Originally Posted by
WilcoRoger
You make the same mistake as the NYT - equate FFPs with credit card earnings. There are people out there who earn those miles by actually flying

and if those flights are paid by someone else, their cost price is zero. Same with hotel points - earning them while actually staying in hotels on someone else's dime. So my proposition of zero cost vs any cash benefit is valid. Of course being human we try to milk as much benefit as possible but if the supply is close to unlimited, it tends not to matter.
My example - earning 50k+ miles monthly by flying makes the redemption "value" irrelevant. Should I spend 100€ on a short hop or 20k points? Real no brainer.
When it comes to credit cards, your (and the NYT's) analysis does have merits, of course - the main argument being that cashback can be used for anything, not just hotels (or flights)
The problem is that *most* programs have vastly diminished the value received from flying and basically morphed into credit card signup marketing schemes. It's almost become a joke how the planes themselves are merely a vehicle to get people together in one place to hear the credit card sales pitches.
I still fly a little AS and credit my BA and EK there as well. But they've become an anomaly (at least among US carriers) in terms of still having their primary earning path be flying, with a comparably mild credit card offering. And I wonder if they're going to kill off their current model when they fully integrate into OW.
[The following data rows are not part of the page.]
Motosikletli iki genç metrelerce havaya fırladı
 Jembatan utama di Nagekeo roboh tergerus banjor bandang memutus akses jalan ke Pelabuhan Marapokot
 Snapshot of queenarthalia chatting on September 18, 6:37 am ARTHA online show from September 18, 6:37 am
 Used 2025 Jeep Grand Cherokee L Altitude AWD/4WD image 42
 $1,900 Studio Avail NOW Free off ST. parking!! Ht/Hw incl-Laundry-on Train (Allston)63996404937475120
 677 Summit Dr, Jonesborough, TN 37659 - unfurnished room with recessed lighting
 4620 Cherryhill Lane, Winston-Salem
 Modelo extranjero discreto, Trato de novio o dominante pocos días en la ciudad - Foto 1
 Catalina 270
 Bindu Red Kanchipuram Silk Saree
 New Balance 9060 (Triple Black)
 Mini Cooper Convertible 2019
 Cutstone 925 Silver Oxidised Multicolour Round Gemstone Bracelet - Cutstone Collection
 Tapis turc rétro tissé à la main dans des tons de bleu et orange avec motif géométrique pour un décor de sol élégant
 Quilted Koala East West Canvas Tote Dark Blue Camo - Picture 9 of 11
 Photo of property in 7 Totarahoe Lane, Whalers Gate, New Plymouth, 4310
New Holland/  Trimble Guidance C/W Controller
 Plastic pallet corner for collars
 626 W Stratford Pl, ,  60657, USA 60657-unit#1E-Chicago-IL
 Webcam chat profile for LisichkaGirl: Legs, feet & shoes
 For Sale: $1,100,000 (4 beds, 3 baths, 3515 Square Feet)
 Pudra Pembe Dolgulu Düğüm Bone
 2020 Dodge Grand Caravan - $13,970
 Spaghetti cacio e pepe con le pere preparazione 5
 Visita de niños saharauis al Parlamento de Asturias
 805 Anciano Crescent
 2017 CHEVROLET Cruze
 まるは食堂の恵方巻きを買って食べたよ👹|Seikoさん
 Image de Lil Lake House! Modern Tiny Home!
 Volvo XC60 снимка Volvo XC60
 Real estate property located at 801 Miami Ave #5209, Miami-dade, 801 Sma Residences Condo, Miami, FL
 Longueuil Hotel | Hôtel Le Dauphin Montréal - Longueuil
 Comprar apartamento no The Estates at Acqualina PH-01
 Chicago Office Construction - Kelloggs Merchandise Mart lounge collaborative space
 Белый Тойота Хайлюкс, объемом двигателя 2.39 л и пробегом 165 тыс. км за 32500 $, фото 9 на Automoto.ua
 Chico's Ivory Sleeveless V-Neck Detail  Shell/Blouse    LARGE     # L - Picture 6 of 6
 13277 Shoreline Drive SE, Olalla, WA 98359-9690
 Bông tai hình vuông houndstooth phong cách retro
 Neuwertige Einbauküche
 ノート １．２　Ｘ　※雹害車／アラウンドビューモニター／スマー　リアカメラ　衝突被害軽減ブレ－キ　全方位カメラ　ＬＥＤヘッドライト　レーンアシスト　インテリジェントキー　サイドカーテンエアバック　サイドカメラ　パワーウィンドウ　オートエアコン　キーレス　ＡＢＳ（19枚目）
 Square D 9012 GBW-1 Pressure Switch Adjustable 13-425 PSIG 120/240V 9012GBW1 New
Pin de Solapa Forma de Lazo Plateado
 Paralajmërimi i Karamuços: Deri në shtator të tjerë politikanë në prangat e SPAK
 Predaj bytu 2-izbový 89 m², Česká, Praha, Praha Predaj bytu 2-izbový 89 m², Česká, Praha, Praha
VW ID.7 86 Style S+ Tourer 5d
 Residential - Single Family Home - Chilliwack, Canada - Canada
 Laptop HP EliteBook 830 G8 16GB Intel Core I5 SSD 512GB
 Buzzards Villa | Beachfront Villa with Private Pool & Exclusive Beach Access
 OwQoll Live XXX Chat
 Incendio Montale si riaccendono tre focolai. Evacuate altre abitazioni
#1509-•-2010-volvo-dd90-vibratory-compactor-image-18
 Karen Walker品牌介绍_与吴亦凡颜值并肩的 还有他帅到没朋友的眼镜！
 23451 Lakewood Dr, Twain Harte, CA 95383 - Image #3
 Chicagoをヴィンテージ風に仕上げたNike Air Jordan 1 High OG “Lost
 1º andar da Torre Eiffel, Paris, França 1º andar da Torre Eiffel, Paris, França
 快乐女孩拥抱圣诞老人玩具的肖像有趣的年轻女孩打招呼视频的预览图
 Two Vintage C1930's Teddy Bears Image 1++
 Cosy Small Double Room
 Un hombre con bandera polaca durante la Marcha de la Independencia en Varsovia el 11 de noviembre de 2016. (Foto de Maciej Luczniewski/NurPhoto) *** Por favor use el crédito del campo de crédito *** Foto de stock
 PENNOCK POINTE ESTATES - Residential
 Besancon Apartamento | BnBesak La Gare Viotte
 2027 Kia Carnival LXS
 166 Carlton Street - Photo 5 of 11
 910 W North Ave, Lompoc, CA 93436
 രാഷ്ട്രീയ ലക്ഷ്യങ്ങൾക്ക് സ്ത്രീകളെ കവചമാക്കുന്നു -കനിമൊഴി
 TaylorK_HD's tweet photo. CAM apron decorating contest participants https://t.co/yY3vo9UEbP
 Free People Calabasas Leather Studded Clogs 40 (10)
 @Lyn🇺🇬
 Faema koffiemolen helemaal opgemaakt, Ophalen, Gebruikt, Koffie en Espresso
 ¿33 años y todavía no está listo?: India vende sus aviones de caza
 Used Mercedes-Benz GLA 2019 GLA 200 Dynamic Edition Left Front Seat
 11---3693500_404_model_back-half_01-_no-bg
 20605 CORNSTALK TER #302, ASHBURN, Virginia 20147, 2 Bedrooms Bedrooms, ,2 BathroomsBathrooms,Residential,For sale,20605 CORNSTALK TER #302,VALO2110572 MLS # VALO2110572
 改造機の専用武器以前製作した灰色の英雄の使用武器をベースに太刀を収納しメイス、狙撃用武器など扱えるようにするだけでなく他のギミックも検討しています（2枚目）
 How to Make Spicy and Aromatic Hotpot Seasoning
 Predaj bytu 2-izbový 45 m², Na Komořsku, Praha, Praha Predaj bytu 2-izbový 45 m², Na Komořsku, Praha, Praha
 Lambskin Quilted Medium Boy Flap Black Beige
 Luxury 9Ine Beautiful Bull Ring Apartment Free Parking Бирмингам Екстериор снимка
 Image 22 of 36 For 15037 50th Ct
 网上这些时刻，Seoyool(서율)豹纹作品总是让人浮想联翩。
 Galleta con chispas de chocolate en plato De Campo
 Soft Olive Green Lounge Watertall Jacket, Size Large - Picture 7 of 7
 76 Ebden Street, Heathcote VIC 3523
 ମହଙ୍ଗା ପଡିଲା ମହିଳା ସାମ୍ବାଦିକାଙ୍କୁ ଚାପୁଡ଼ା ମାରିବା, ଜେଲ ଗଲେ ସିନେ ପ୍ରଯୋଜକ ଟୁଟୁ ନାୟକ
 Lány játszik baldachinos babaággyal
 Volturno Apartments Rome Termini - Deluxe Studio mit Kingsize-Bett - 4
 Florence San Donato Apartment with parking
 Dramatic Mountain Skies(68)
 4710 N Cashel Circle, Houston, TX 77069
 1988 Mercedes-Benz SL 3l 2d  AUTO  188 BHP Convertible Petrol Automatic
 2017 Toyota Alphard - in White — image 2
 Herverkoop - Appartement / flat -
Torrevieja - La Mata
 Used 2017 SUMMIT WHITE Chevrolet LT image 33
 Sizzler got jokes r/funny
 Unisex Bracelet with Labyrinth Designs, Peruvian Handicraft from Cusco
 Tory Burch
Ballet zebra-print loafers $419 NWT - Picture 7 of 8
I guess you do reach a point where you have a mileage balance that is so far beyond what you'd actually consume on "ideal" awards that you just start using the points/miles for everything. Sometimes I feel that way with Hilton, where I have a couple million and absolutely *know* that program devalues every 2 years like clockwork. Random Hampton Inn for 30,000 points? Ah hell, might as well...gonna by 50k next year.